Méta (en grec μετα) est une préposition qui possède plusieurs sens ; elle signifie en particulier “après”, dans le lieu ou dans le temps. Par exemple, la “métaphysique” s’interroge sur des notions situées “au-delà de la physique”, et notamment sur les causes de l’univers.
Par Metavers™, contraction de meta (écrit sans accent en anglais) + univers, grâce à un casque d’imagerie virtuelle, nous serons immergés dans un monde parallèle. Et même si cela ressemble encore pour le moment à de la science-fiction, mettons-nous dans la “prospective” et non dans la “rétrospective” ! Nous devrions bientôt devenir capables de voir et d’accomplir à peu près tout (travail, loisirs, achats etc.) en trois dimensions.
Preuve que le projet Meta est ambitieux, c’est le symbole de l’infini (un huit renversé) qui a été choisi pour logo !
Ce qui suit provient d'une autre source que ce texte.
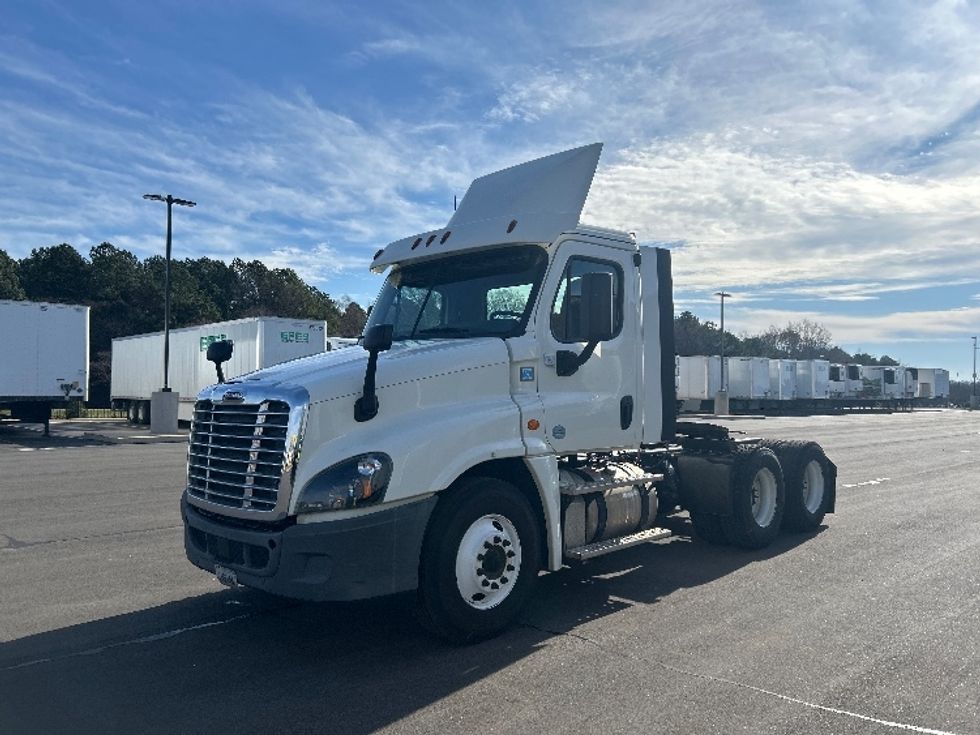 Day Cab Tractor-Heavy Duty Tractors-Freightliner-2018-Cascadia 12564ST-Concord-NC-479,461\n\t\tmiles-$ 33,250 - Image 3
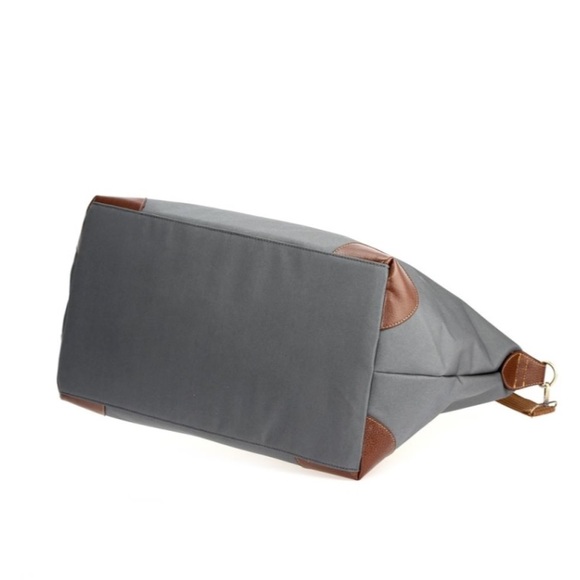 THE HAMPTONS WEEKENDER DUFFEL TRAVEL BAG- GRAY - Picture 4 of 5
Un autre monde avec sa géographie particulière, c’est aussi ce que pensaient les Grecs des Enfers, et que le Metropolitan Opera de New York a recréé sur scène en présentant, début décembre, Eurydice, de Matthew Aucoin, inspiré par la littérature gréco-romaine de l’Antiquité.
Dans ce séjour des morts règnent Hadès et sa femme, Perséphone. L’étymologie d’Hadès est incertaine … Ce nom, en grec, désigne presque toujours le dieu, et non son royaume, auquel l’usage naturel l’a étendu plus tard : on disait que les morts se rendaient “à la maison d’Hadès”. On estimait que son royaume était souterrain, en dépit de la tendance des Grecs à localiser le séjour des morts à l’ouest (Antiquité, p. 465).
Mais bien qu’il soit un dieu redoutable — ce que renforcent son costume et le noir décor de la pièce jouée à New York — Hadès est sensible. Lorsque, le jour de son mariage, la nymphe Eurydice meurt (mordue par un serpent venimeux), son mari, le poète Orphée, éperdu de douleur, va la chercher “à la maison d’Hadès”. Sa lyre et son chant fléchissent le couple souverain des Enfers, et Orphée est autorisé à remonter à la lumière, suivi d’Eurydice, à condition qu’il ne se retourne pas pour la regarder — ce qui arrivera, fatalement.
Finalement, ce sont deux créatures de notre monde, l’une mythique, l’autre préhistorique, qui vont clore cette rétrospective “à la grecque”. Découvertes récentes et surprenantes!
La première créature est le cheval ailé Pégase (en grec Πηγασος, en latin Pegasus), dont le nom est ici associé à l’espionnage international (pourquoi ?), tandis que la seconde est un dinosaure trouvé au Chili et classé comme Stegouros (de στεγω, protéger + ουρα, la queue), à la queue très spéciale, qui fascine les paléontologues.
Bien sûr, cette rétrospective éclectique de fin 2021 n’inventorie pas les nombreux mots latins que j’ai aussi repérés dans les News.
Mais, sait-on jamais, cela pourrait faire l’objet d’un article au cours de 2022 !
Bravo, Catherine! Encore un article fort intéressant, passionnant, comme tu sais les faire. Merci !
Bravo, Catherine, et très sincèrement pour ce décodage astucieux de notre actualité qui nous vient tout droit du Royaume de l’absurde. Ce qui me conforte c’est que l’humanité en a vu d’autres et que nous voici au portail de 2022 de notre ère avec tout un bagage culturel pour nous servir de doudous et de garde-fous. Vive les humanités plurielles!